Strange use of Quapaw article/aux.
Catherine Rudin
CRudin at wscgate.wsc.edu
Fri Jun 16 17:18:20 UTC 2000
Fascinating stuff on evidentials, both John's additional examples of ge etc. and
Bob's Quapaw sentence! I haven't had a chance to think about them much (just
got home yesterday and after 2 weeks of driving around Texas laundry is a higher
priority than grammar) so this is entirely off the top of my head.
John's ideas that the/khe/etc. agree with the "evidence" and/or have some
aspectual function(marking punctual vs nonpunctual?) seem to work nicely for a
lot of the examples. The existence of person inflection (first person athe)
looks more like grammatical agreement -- and also makes the look more verbal
than I'd have guessed. Maybe we're actually looking at something approaching
serial verb constructions or even a separate superordinate clause.
Bob's question is important:
"What I find unclear is still whether or not they are evidentials. If we
already have an evidential construction with approximately the shape {-abiama},
then what does the addition of the positional {-the, -khe, -dhaN, -ge} in the
middle add to that? ... Evidential, incipient tense, classification, what? "

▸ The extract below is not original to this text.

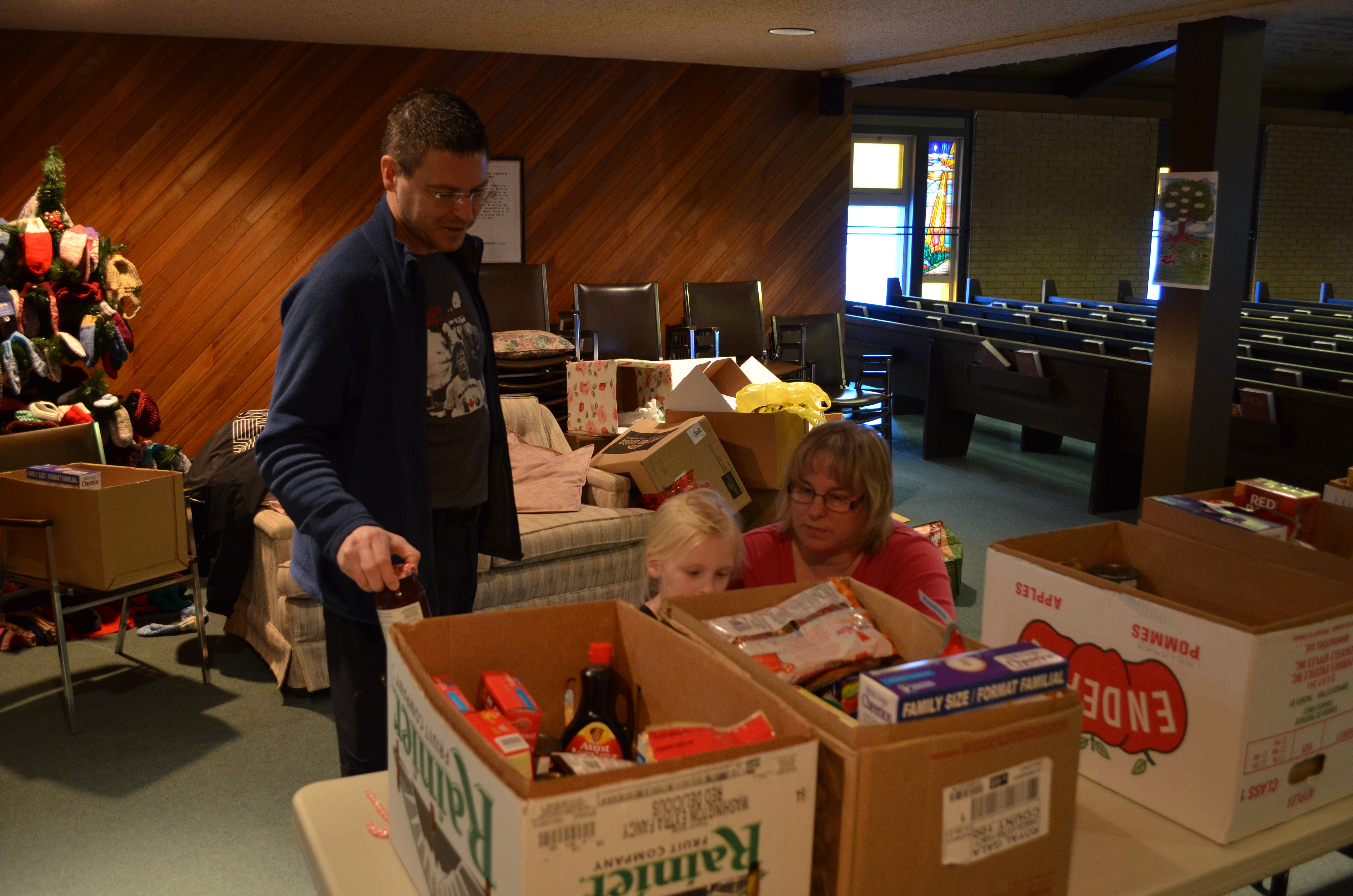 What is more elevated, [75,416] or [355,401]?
[355,401]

We've been calling (bi)-ama "quotative", but it doesn't always mark an actual
quote. I've always taken it as more like what Balkanists call the "admirative"
or "renarrated mood" or "non-witnessed" or "hearsay" form; that is, it seems to
mean the speaker isn't personally vouching for the truth of the utterance. (Is
this right?) If ama means the speaker is NOT claiming to have specific
evidence, and if the/khe/dhaN/ge indicate (and agree with) the presence of
specific evidence it's downright weird for the two to cooccur, so maybe I'm
completely wrong... in any case, the question of what exactly all these little
bits of stuff at the ends of clauses are and how they interact needs more work!
I'm still worried about how all this relates to the bits of stuff on Noun
Phrases (aka articles) too... John's copious examples of all of the positional
articles (the/khe/dhaN/ge) as evidentials and also as "when" are making it look
more and more like the article series and these other things are actually all
identical. Homophony gets less attractive as an explanation the more the whole
set of forms is seen to fill all three roles. Maybe we should just chuck the
whole article/evidential/conjunction problem out the window and simply call
these words "positionals" wherever they occur? (Or for a wordier terminology,
"deictic elements specifying spatial, temporal, and/or discourse position" or
some such??) But this kind of semantic label leaves totally unsolved the part
of the puzzle I'm most interested in, namely their syntactic status.
I once tried to defend the position that these words are articles, period, and
that clauses they attach to are nominalized. But maybe they are in fact always
verbal elements of some sort (auxiliaries?) and the nouns they attach to are
clausal? (Siouan languages have plenty of precedent for treating nouns as
verbs/clauses, eg inflecting them for person...) Or perhaps they are some kind
of abstract agreement that can show up on either nominal or verbal projections?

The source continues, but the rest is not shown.